After many years of casually ignoring the horizon, I still remember my first conscious encounter with the gorge, about sixteen years ago, along the winding and steep Kalhatty Ghat road, where the horizon opens between the long protruding finger-like ridges of the North Nilgiris mountains. Spread out in front of me were the vast landscapes of Segur and the tiger reserves of Mudumalai, Bandipur, and Sathyamangalam. This is an endless pale green and brown carpet, with undulating scrub jungle that is home to a vast array of fascinating wildlife, including tigers, elephants, and many rare mammals including hyenas. Cutting right through it, sharp and unavoidable, was a massive scar on the land: the Moyar Gorge. It stretched across the valley like someone had slashed open the earth with a giant’s knife. For a moment, it reminded me of the canyons of Colorado, and I realized then how badly I had underestimated the size of the gorge. Since then, after living a stone’s throw away in the Segur Plateau, I’ve had chances to see Moyar from different angles and hear countless stories about its rocks, its wildlife, and its mysteries. My interest in the origin of the universe and continental tectonics was only further fuelled when Pranay Lal opened his book Indica with the geologic significance and majestic half-page picture of the Moyar Gorge. Further readings on tectonic plate movements by some of the doyens like Dr. T.R.K. Chetty and Gunnell have always mentioned the Moyar Gorge and the Moyar shear zone at the centre of the continental assemblage activities.

The Origin of the Gorge
The Moyar Gorge is one of the deepest gorges in South India, 260 meters of a near-vertical drop, running about 20 kilometers long.
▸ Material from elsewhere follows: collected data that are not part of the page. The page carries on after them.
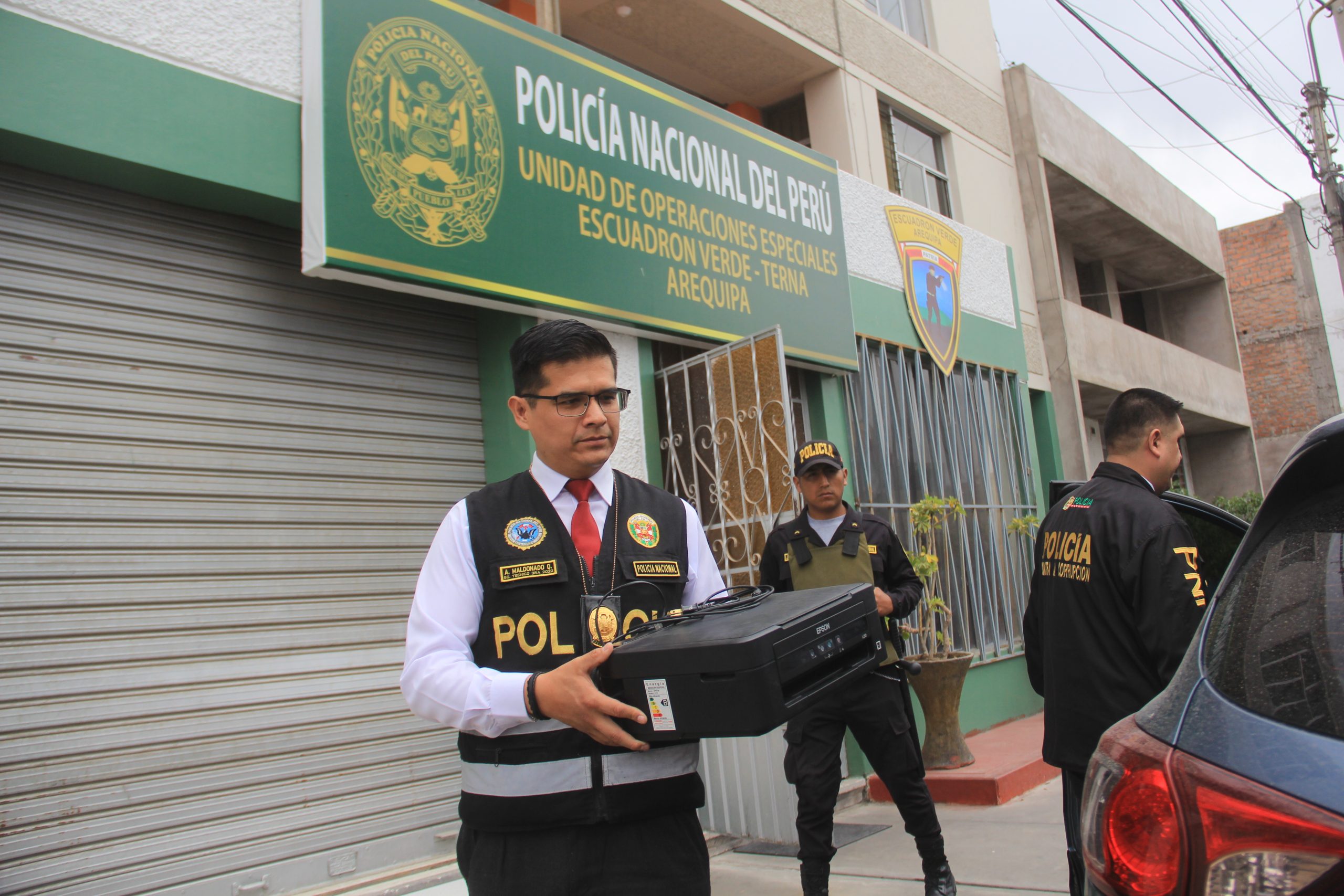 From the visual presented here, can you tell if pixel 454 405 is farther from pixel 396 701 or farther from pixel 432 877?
pixel 432 877

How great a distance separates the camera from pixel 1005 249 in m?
9.77

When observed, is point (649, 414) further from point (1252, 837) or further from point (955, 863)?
point (1252, 837)

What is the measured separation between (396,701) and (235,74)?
281 centimetres

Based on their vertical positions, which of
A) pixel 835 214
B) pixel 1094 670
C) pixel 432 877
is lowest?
pixel 432 877

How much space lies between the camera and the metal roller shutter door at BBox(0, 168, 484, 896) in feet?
11.5

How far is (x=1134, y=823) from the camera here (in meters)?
1.25

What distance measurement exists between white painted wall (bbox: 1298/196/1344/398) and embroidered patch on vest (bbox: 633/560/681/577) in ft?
82.5

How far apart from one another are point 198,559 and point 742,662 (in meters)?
3.11

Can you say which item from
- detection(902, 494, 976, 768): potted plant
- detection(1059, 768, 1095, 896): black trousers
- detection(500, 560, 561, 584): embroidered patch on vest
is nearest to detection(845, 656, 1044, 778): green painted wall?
detection(902, 494, 976, 768): potted plant

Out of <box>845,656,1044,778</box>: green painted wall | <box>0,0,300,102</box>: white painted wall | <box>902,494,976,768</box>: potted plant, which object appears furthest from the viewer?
<box>845,656,1044,778</box>: green painted wall

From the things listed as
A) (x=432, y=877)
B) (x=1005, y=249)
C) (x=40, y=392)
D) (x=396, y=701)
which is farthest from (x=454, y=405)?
(x=1005, y=249)

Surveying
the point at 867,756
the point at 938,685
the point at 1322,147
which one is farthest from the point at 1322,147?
the point at 867,756

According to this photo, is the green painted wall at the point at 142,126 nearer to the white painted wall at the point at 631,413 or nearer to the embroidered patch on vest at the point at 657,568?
the white painted wall at the point at 631,413

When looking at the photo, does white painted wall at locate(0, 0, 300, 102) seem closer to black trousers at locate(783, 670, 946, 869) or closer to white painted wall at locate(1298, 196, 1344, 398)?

The Moyar River runs through it from west to east, heading to the Bhavani Sagar Dam, tumbling in mighty waterfalls along the way. Over millions of years, rainwater rushing down the northern, rain-shadowed slopes of the Nilgiris has patiently chiseled the rocks deep, exposing their hidden layers.
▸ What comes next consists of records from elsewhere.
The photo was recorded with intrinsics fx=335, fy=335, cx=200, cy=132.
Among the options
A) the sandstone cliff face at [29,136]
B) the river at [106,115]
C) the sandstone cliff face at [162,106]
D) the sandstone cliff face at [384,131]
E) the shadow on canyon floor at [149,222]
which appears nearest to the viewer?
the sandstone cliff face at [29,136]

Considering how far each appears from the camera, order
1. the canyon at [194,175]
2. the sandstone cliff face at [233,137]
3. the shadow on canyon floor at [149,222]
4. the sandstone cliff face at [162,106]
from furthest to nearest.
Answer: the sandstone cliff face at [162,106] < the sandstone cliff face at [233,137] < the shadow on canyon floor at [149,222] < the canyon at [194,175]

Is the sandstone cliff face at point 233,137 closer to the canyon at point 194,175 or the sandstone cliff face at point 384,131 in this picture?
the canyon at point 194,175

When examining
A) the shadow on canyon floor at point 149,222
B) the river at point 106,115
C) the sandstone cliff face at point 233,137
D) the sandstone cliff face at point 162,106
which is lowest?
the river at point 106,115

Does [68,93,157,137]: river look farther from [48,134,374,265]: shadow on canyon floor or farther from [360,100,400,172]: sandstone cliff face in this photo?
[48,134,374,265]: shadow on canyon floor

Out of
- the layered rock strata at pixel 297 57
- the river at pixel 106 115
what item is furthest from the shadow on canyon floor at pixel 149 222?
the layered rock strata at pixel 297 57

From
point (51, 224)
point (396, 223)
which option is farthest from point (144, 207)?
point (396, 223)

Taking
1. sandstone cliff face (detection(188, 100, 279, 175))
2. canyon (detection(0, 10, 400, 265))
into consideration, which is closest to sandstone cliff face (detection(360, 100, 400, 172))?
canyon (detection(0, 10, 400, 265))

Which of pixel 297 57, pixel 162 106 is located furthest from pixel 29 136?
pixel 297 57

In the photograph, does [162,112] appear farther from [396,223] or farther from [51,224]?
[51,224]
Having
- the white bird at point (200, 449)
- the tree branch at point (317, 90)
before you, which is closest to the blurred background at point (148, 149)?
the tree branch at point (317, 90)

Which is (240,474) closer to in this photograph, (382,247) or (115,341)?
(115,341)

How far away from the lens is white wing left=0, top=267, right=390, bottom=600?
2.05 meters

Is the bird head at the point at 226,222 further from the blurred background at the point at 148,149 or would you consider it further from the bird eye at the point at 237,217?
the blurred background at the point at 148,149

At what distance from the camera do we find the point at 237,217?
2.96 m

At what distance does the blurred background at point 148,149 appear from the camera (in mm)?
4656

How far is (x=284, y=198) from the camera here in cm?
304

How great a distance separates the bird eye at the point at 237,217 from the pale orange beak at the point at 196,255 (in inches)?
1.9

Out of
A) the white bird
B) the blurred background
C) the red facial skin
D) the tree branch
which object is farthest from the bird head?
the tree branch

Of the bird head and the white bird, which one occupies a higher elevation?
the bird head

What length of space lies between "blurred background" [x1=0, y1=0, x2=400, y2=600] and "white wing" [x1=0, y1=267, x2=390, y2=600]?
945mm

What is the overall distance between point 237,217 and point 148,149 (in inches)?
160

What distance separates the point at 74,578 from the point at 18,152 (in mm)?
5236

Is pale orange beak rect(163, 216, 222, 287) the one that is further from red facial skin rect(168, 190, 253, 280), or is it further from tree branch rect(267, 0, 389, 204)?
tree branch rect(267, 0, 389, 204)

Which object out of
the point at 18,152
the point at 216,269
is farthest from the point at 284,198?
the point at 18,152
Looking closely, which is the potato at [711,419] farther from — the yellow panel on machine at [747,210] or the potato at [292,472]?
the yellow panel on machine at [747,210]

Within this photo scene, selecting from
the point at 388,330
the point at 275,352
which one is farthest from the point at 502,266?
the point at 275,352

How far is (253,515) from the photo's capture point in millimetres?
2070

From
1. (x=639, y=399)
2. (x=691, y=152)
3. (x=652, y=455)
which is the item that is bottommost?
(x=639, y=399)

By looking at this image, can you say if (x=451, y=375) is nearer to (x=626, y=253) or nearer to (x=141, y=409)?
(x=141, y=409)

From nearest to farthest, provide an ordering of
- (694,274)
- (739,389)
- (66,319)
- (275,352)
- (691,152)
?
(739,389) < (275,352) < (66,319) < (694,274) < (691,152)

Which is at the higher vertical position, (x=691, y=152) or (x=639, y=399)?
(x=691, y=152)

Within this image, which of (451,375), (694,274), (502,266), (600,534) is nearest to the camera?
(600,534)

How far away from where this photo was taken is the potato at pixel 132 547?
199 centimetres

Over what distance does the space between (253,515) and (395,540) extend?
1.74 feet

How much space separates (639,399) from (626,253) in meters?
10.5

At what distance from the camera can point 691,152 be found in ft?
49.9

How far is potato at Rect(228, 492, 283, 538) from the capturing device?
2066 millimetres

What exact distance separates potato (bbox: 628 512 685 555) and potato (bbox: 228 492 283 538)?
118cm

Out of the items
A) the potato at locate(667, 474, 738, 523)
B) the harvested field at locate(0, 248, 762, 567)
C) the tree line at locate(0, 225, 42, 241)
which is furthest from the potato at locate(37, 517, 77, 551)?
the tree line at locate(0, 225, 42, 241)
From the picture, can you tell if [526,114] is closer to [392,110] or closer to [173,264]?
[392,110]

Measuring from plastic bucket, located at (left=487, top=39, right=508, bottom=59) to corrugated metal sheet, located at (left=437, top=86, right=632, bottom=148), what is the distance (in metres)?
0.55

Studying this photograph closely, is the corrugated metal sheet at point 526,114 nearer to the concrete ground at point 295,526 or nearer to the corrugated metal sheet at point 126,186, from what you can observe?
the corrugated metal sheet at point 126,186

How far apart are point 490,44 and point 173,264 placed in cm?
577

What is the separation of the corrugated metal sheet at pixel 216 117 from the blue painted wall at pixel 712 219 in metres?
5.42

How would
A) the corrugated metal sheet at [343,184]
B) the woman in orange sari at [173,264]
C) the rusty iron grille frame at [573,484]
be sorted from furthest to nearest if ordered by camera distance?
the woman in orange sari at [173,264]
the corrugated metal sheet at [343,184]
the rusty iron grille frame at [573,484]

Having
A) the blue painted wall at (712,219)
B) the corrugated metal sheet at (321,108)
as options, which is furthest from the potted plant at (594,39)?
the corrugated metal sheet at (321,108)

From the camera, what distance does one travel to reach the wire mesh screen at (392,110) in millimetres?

The origin of Moyar Gorge is more complex than the elephant corridor and other regulations that govern the surrounding areas. To understand the origins, you must think in terms of billions of years. The rocks in Moyar date back 2.6–3.0 billion years, almost as old as the Earth itself (the Big Bang was 4.5 billion years ago). Moyar sits on the Moyar Shear Zone (MSZ), a weak seam in Earth’s crust that has been active and reactivated for over 2 billion years by tectonic movements and volcanic activities. It separates two very different geological provinces:

Bird's-eye view of the Moyar Gorge with the northern slopes of Nilgiris visible to the left.
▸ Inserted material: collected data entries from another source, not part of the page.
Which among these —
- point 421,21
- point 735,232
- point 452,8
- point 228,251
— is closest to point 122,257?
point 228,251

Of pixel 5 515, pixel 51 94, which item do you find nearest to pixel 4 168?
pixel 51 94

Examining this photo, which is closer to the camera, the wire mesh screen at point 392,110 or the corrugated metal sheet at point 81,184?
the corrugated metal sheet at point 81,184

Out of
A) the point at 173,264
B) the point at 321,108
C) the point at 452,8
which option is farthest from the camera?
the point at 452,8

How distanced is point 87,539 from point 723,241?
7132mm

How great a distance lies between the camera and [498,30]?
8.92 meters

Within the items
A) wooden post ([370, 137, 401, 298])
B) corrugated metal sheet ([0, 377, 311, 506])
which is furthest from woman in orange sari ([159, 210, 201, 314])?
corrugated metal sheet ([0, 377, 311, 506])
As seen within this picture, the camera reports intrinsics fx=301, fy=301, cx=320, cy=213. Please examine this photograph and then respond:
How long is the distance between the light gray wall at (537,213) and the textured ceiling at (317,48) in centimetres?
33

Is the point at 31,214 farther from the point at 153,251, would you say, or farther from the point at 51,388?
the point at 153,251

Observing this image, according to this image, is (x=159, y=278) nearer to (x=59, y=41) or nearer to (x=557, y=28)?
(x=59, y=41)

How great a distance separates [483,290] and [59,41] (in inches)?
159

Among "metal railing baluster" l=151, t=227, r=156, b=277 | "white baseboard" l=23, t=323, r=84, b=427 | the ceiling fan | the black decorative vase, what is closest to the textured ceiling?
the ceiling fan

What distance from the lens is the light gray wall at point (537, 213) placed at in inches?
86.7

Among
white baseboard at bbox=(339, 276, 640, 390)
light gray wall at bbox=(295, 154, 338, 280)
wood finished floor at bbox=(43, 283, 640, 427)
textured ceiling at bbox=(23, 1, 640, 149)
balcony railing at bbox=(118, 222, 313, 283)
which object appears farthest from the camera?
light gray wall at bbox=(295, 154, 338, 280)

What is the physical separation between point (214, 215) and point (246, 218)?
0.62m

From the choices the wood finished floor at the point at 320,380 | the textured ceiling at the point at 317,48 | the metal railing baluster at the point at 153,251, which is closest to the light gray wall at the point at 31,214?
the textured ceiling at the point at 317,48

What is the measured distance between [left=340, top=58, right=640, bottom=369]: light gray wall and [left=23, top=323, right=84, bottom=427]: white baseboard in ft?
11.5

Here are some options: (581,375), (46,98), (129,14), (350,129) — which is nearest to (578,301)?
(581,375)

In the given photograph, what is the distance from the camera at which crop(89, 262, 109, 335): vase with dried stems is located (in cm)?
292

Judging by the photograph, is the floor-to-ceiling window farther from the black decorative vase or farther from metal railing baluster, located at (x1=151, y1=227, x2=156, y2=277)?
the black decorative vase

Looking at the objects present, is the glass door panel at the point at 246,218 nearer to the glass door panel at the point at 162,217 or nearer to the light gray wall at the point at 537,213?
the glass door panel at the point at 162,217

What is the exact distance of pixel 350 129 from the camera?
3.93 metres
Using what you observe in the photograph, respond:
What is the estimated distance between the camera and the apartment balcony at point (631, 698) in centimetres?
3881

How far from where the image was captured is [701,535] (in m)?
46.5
To the north lies the Dharwar Craton, which comprises ancient granite and greenstone rocks that are tough and resistant. This is part of Bandipur Tiger Reserve to the western end of the gorge and the Talamalai plateau in Sathyamangalam along the majority of the gorge’s length. These are tough rocks and explain why they are higher and have eroded less over time.
To the south lies the Southern Granulite Terrain (SGT): rocks that were cooked deep in the Earth under high heat and pressure, turning into granulites. Nilgiris has abundant tough, erosion-resistant charnockites, but the Segur is dominated by much younger amphibolite-gneiss formations and granitic gneisses along with pyroxene granulites. These rocks have been highly active and gone through many metamorphosis phases. The result is weak and erosion-prone rocks that have let the Moyar River dig deep and form the gorge. Also, this has left the soil in the Segur Plateau acidic, resulting in a unique dry scrub vegetation in the landscape.
Charnockite Rock

Gneiss Rock

The Moyar River, as all rivers do, found this weak zone in the suture zone of Dharwar and Southern Granulite Terrain and exploited it by eroding it over and over. These are two different land masses that collided and moved against and along each other and evolved with volcanic and molten movements independently, just as water and oil boiling in a jar behave distinctly and yet share a defined boundary. Over time, the river gnawed much deeper into the seam until the gorge we see today emerged. The bottom of the gorge still holds the tough and older greenstone belt, which has resisted further erosion, setting the depth at today’s ~260 meters.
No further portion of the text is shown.